RHB’s Natarajan believes that the worst is likely over for the retail industry, but the path ahead is not expected to be smooth, especially with some of the support from the government and landlords tapering off. Additionally manpower constraints are getting more pronounced. Hence, he believes that the outlook remains challenging despite gradual easing of restrictions.

“We are currently ‘underweight’ on retail REITs. Our pick would still be FCT for its defensive suburban malls and Starhill Global REIT (SG REIT) on valuation grounds,” says Natarajan, who has a “hold” call on FCT with a target price of $2.45 and a “buy” call on SG REIT with a target price of 68 cents.

On the other hand, Maybank Kim Eng senior analyst Chua Su Tye noted that tenants’ sales in the September quarter recovered ahead of footfall, which were at 55%–60% of 2019 levels, given the retightened safety measures, with fundamentals better for suburban versus downtown malls.

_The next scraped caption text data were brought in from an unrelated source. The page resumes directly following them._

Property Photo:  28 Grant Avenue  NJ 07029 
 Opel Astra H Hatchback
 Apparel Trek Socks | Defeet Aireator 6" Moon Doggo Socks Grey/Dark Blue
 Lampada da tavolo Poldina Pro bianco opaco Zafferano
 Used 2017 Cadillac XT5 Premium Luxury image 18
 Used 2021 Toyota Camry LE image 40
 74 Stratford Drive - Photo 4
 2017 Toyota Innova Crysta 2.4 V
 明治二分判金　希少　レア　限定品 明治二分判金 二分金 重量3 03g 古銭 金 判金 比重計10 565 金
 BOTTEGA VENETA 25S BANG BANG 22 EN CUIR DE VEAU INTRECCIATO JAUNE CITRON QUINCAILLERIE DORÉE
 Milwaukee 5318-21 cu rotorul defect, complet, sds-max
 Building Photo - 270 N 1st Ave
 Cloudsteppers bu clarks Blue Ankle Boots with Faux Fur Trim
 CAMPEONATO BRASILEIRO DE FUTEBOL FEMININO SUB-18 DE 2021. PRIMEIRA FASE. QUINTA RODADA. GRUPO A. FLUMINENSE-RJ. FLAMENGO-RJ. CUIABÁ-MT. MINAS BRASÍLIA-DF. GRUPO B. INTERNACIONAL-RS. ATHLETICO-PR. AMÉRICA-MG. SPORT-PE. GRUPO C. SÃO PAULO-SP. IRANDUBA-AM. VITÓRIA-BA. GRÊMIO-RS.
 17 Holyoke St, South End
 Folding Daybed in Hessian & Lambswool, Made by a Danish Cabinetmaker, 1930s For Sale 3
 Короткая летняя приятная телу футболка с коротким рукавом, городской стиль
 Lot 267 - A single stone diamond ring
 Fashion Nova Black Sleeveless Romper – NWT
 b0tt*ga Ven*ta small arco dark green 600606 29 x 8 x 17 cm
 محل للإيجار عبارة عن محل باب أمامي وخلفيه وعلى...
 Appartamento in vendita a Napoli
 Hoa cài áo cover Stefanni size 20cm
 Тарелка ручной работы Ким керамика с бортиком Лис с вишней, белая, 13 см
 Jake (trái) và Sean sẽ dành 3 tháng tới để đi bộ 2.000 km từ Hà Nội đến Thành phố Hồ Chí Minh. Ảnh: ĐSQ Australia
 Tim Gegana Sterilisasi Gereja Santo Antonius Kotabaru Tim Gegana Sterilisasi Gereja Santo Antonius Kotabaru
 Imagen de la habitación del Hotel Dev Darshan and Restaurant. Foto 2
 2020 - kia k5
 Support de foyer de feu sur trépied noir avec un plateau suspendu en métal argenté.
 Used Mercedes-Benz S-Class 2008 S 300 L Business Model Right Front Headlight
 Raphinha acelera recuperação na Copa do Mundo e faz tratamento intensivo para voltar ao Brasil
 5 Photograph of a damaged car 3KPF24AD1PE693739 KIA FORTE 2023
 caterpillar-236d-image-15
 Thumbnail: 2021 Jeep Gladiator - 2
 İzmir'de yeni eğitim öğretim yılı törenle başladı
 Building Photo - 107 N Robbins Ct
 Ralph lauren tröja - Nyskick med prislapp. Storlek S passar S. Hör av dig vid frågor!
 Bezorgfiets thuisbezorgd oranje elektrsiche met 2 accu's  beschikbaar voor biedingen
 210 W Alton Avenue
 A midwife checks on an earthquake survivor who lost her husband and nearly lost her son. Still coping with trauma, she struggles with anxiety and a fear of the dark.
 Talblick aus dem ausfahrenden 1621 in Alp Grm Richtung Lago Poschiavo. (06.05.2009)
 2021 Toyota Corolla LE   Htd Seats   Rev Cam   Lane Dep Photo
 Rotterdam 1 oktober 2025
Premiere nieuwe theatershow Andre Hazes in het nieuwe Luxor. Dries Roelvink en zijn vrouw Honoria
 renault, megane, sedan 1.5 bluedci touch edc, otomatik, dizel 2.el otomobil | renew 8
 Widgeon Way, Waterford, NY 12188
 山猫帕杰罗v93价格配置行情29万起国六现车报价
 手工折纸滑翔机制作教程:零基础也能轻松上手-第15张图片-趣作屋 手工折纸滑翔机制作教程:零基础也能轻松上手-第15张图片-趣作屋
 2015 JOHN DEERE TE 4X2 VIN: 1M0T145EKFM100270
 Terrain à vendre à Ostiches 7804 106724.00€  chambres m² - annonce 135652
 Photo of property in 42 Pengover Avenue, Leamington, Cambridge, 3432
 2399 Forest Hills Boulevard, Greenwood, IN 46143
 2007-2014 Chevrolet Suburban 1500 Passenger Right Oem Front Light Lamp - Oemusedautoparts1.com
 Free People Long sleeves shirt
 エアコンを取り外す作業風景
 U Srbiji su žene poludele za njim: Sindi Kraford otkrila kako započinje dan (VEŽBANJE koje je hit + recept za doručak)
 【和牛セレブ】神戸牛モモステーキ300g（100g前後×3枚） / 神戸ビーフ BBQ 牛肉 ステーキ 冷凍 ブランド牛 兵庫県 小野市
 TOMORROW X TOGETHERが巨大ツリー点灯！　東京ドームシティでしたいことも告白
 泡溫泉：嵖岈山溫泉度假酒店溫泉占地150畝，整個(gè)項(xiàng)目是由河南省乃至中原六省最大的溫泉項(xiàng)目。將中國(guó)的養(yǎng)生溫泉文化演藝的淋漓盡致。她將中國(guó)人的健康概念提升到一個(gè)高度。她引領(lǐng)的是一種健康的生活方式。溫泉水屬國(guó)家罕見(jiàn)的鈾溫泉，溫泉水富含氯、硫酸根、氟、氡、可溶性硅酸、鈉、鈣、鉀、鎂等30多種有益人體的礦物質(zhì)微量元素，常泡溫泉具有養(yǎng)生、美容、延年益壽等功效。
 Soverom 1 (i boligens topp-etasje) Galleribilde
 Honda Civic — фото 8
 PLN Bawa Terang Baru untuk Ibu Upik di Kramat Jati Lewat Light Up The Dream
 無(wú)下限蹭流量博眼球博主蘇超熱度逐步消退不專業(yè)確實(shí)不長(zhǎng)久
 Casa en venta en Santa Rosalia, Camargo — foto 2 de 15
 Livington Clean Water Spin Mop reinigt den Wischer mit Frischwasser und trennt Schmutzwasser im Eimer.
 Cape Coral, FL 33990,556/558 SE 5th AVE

To that end, FCT saw portfolio occupancy improve to 97.3% (from 96.4% in June), with tenants’ sales at 93%–98% of 2019 levels, ahead of CapitaLand Integrated Commercial Trust’s 92.4% for its suburban malls, MCT’s 75%, and Suntec REIT’s 67%.

“We see both metrics being on a positive trajectory in FY2022. Occupancy cost for FCT improved y-o-y to 17.5% in FY2021 (from 19.2%), and while we expect rental reversions will likely be flattish in 1HFY2022, it should improve with further easing of capacities, and as tenants’ sales gain traction,” says Chua.